We see in recently made videos by Shane Dawson taking up the form of documentaries documenting the lives of YouTubers who have by this point taken a tumble in their popularity — they are no longer being perceived and as such no longer existing. Through discussion, Shanes’ objective is to rejuvenate and give life to both channel and person. A recent example shows us coming back into contact with Eugenia Cooney, A YT’er who by this point was on hiatus for, and a star made (in)famous by, anorexia nervosa. Again, at one and the same time, Shane comes to the rescue for both channel and body. And yet, as I’ve previously explained, this can only be seen as cruelly ironic. It’s not known whether YouTube/Social Media played a significant part in Cooney’s slow deterioration but can nonetheless be seen as the inhibitors or neutralizer to seeking help. By this point, Shane is saving her and leading her to a new death.

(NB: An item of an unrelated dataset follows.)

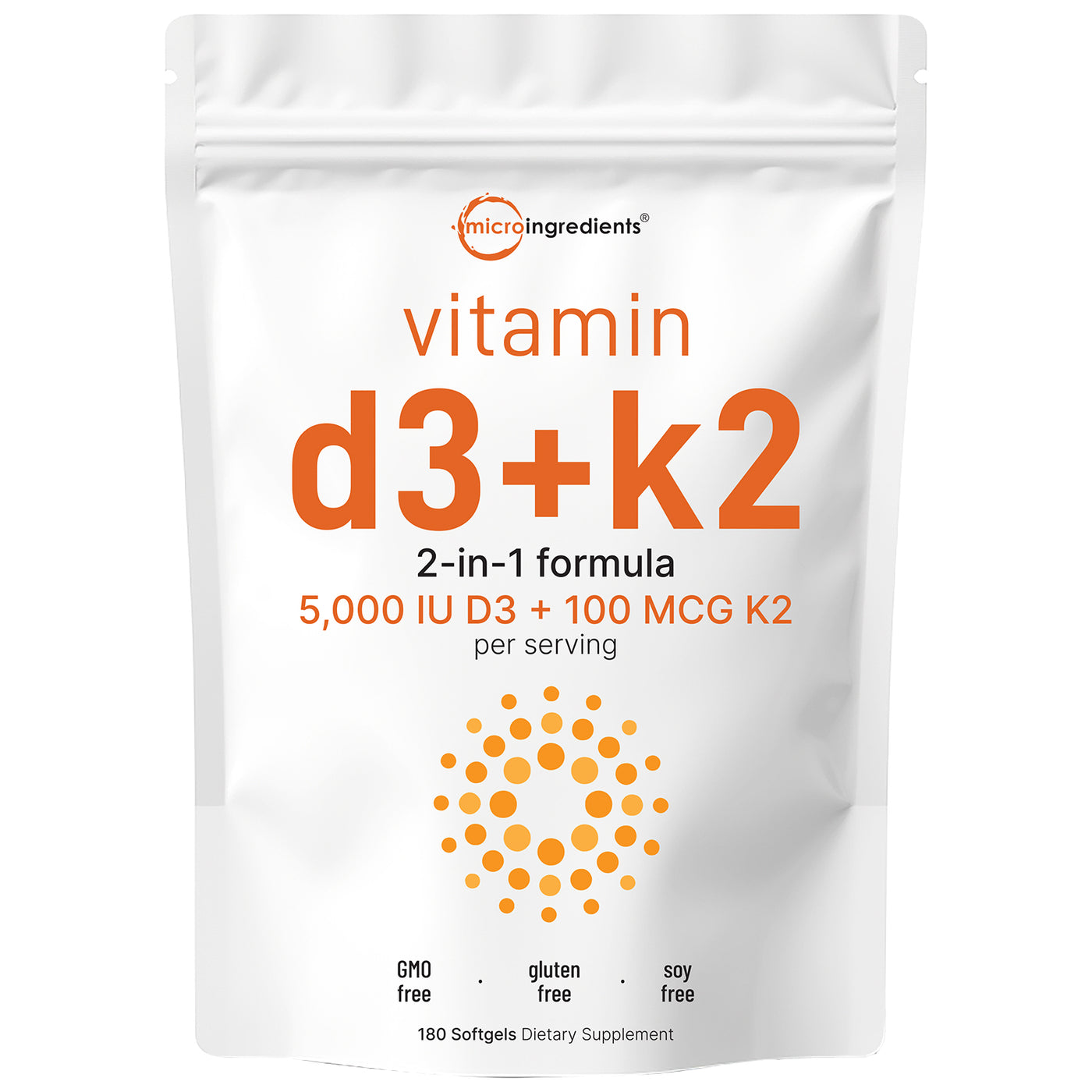Micro Ingredients Vitamin D3 K2 300 Softgels 5000IU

Can anything be more lonely than being watched by millions of faceless, anonymous people not knowing whether they exist or not?
Shane performs a similar exorcism on YT’ers. Allowing us to see their ‘true’ lives untouched by the screen of the internet, their torment, and their concern for their channel which all are in need of recovering. But is it logically possible to maintain the healthy equilibrium between the two?
One must perform in order to be, but more importantly, one must be noticed, watched, viewed, perceived. Their reality is their own self-created images. Yet it is unfair to lay blame when freedom is defined by two barbaric choices, both based on survival: to work or not to work, to be perceived or not to be perceived, to be or not to be. That is the enduring question for all humanity.
Question: How should we think about, or legislate against, technology playing an active role in the deterioration of people’s lives?